PAST
"I kind of hate that you wanted to go camping for your birthday. How are we best friends again?" Eliza asked.
Lydia laughed as she pushed the stake into the semi-frozen ground.
"It's freezing out here, Lydia," Eliza continued.
"It won't be inside the tent."
"But we're outside the tent."
"Because you're not helping me with the tent. You've been standing there the whole time, just watching me put this thing up."
"I don't know what I'm doing. I'd probably just break it, and then we'd be out in the middle of nowhere with no tent."

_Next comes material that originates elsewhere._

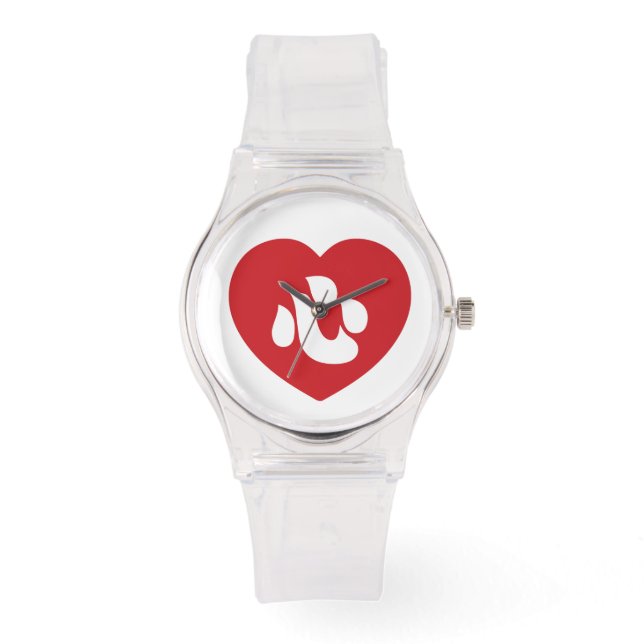Reloj De Pulsera Japanese Shin Kanji Kokoro Heart 心 (Anverso)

Lydia stood up and crossed her arms over her chest.
"What?" Eliza asked.
"We're in a state park and on a campsite. There's an actual bathroom with toilets about twenty feet away. The road is ten feet behind us, and my car is parked just off it. The drive from the entrance of the park to here took us about seven minutes, and there are three other campsites right next to us. I think we'd be okay. Now, can you get the sleeping pad laid out in there and put the sleeping bags on top of it while I get the rest of the stuff from the car?"
"Fine. I'm being dramatic."
"No, you're not. I know you're doing this for me. And I also know that this is the first time you've been camping since…" Lydia faded out.
Eliza looked down and said, "It's not the same. I mean, I don't think of this as the same, if that's what you're worried about."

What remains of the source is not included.